Neben der extremen Rechten, fordert anlässlich der neuerlichen Spekulationen auch der linke Politiker André Schollbach noch einmal Aufklärung, wenn auch aus völlig anderen Gründen: „Die bisherige Geheimniskrämerei um das Treffen des Innenministers mit PEGIDA erscheint in einem neuen Licht. Die Umstände des PEGIDA-Dates müssen endlich restlos aufgeklärt werden. Sollte tatsächlich staatliches Geld an PEGIDA geflossen sein, wäre das ein handfester Skandal.“

Schollbach hatte schon zuvor per Kleiner Anfrage Details über das Gespräch Ulbigs mit den Pegida-Initiatoren erfahren wollen. Ulbig verweigerte damals aber öffentliche Auskünfte über den genauen Ort des Treffens. Später verwies er auf Räumlichkeiten, die von einem privaten Dritten zur Verfügung gestellt worden seien.

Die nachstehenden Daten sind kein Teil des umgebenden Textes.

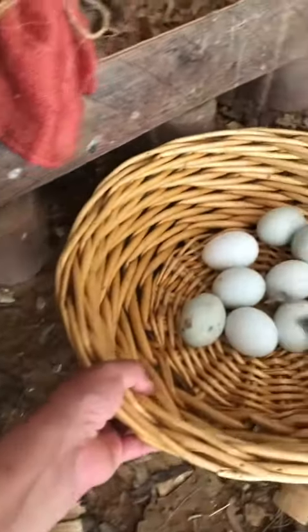I've been coming out to the barn pretty regularly throughout the day, making sure that the chickens have nice cold water and making sure that they're okay.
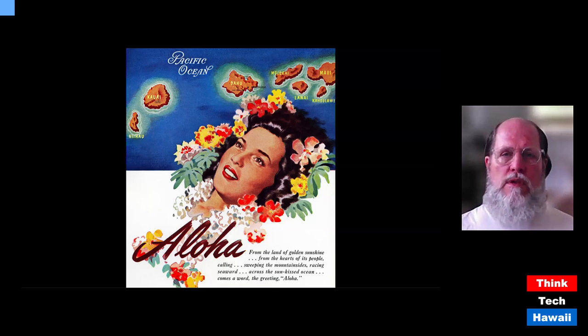I work at Bishop Museum here in Honolulu. I am the curator of the archives department, and I'm also the Bishop Museum historian. The material you're going to see in this program today, however, is not from Bishop Museum, but is from my private collection.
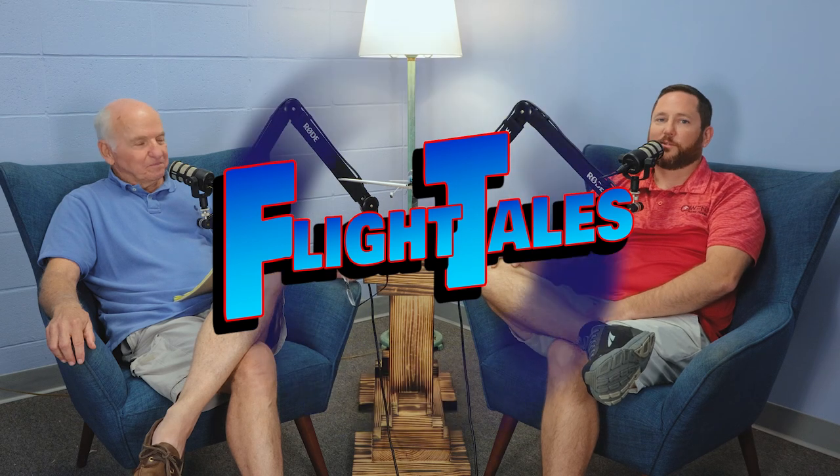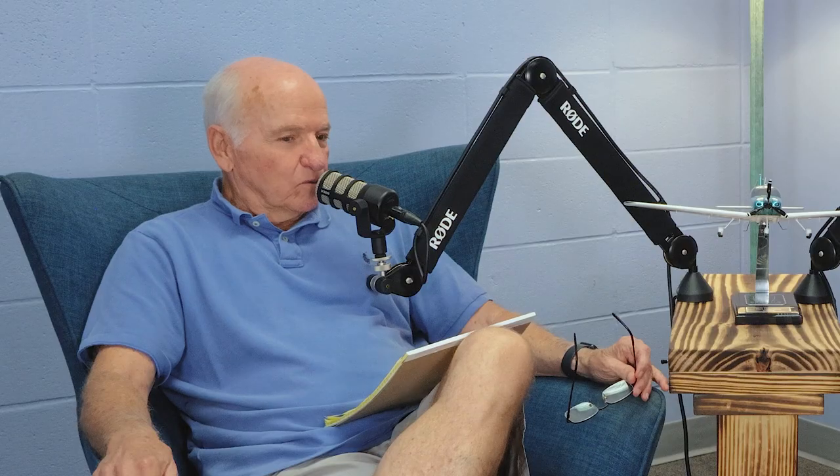We're here again with Peyton Enloe. We got him to come back with another episode of Flight Tales. Thanks for inviting me back. Today we decided to talk about common weak areas I see on people on their check rides.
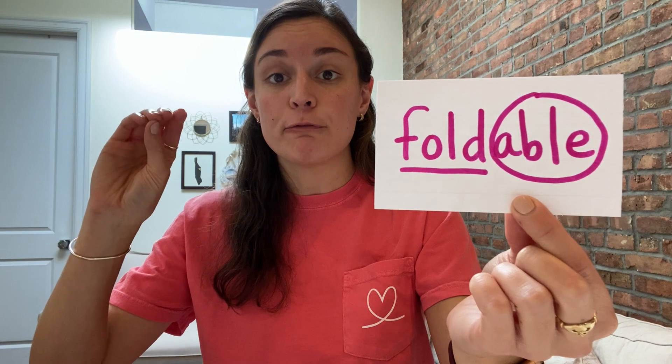This word is 'foldable.' Let's tap out the base word. Fold — fold — foldable. When something is foldable, it means it's easy to be folded. Maybe clothes are foldable, or a table that you can open and close might be foldable, or you have a foldable chair — things that are easily folded. Underlined the base word 'fold,' circled the suffix -able.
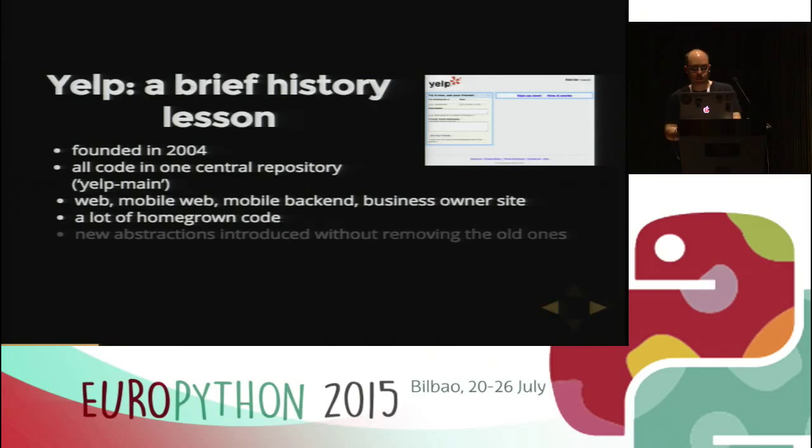So we had a lot of homegrown code — and finally we can see the images — this is what Yelp looked like back then. We had a lot of abstractions, as I talked about.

Das sächsische Innenministerium selbst berichtete am 26. Januar 2015 zu dem vertraulichen Gespräch unter anderem, Ulbig habe für die verschiedenen und verbesserten Dialogangebote der Stadt und der Staatsregierung auf verschiedenen Ebenen und in verschiedenen Formaten geworben. Ein geheimes Hinterzimmertreffen und eine Schweigevereinbarung wegen derlei banaler Gesprächsthemen? Zumindest das darf angezweifelt werden. Schollbach jedenfalls will es nun wissen: Nach eigenen Angaben reichte der Linke bereits eine weitere Anfrage zu dem Thema ein. Recht so!